Com o decreto editado por Temer (9.254/2017), é a terceira vez, desde 2010, que o governo federal estica o prazo para que as administrações municipais estabeleçam um plano para cuidar do lixo e do esgoto que produzem, contrariando os limites previstos pela lei de diretrizes de saneamento básico. E seriam muitas prefeituras em Minas Gerais sem qualquer acesso a fundos de saneamento, já que, dos 853 municípios, apenas 231 (27%) concluíram o PMSB, segundo listagem do Ministério das Cidades.
A medida serviu, por outro lado, como alívio para prefeituras que sujeitam sua população a esgotos a céu aberto, lixões e a uma farra na implantação de Estações de Tratamento de Esgoto (ETE) que custam milhões mas simplesmente não funcionam.
Na bacia mais fragilizada pela poluição em Minas Gerais – e uma das piores do Brasil –, a do Rio Doce, apenas 10 (9,8%) dos 102 municípios da área minera tratam o seu esgoto antes de lançá-lo nos mananciais. A elasticidade do prazo deu mais tempo a prefeituras, que levaram oito anos para editar o plano e não o fizeram, como também ao Comitê da Bacia Hidrográfica do Rio Doce (CBH-Doce), que havia se comprometido a ajudar as administrações municipais a produzir o PMSB com recursos referentes ao uso das águas do Rio Doce.
Para se ter uma ideia, a maior cidade da bacia federal, Governador Valadares, com 264 mil habitantes, coleta quase 94% de seu esgoto, mas despeja 100% do que é captado diretamente em mananciais d’água, ou seja, tudo isso acaba no Rio Doce. Desde 2013, está prevista a construção de duas ETEs no município, mas tais estruturas ainda não foram feitas.

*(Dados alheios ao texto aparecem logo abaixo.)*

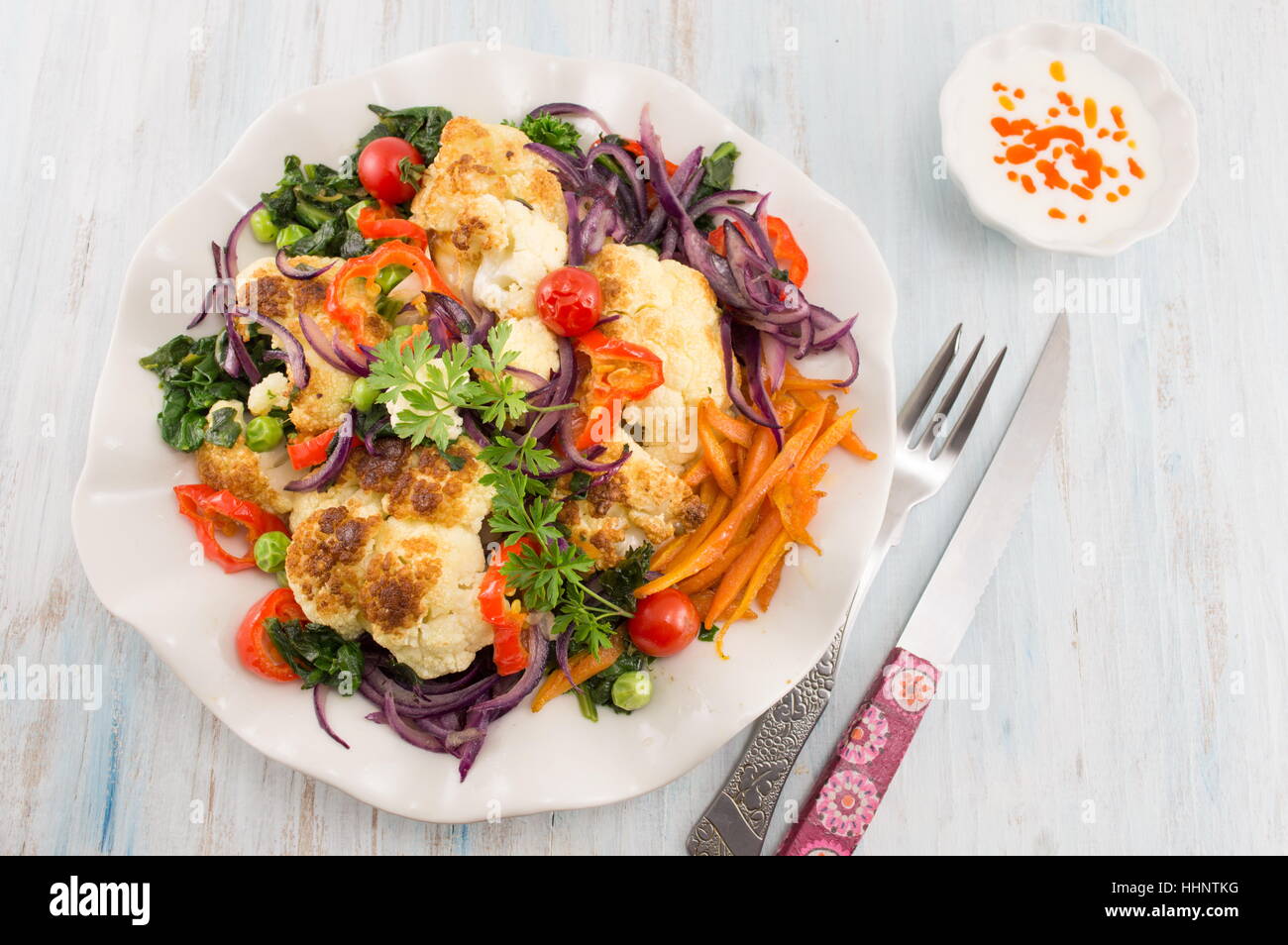 fried cauliflower and mixed vegetables with knife and fork Stock Photo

Também se beneficiou a Fundação Renova, entidade criada para gerenciar e executar a recuperação dos danos do rompimento da Barragem do Fundão, em 2015, após um acordo entre a Samarco, que operava a estrutura, a Vale e a BHP Biliton, controladoras da mineradora, a União e os governos de Minas Gerais e do Espírito Santo. Entre as diretrizes de planejamento da Renova consta a “Ação 31: Coleta e Tratamento de Esgoto”, que previa R$ 500 milhões para a “elaboração de planos de saneamento básico, projetos de sistema de esgotamento sanitário, implementação de obras de coleta e tratamento de esgoto, erradicação de lixões e implantação de aterros sanitários regionais”, segundo tal planejamento.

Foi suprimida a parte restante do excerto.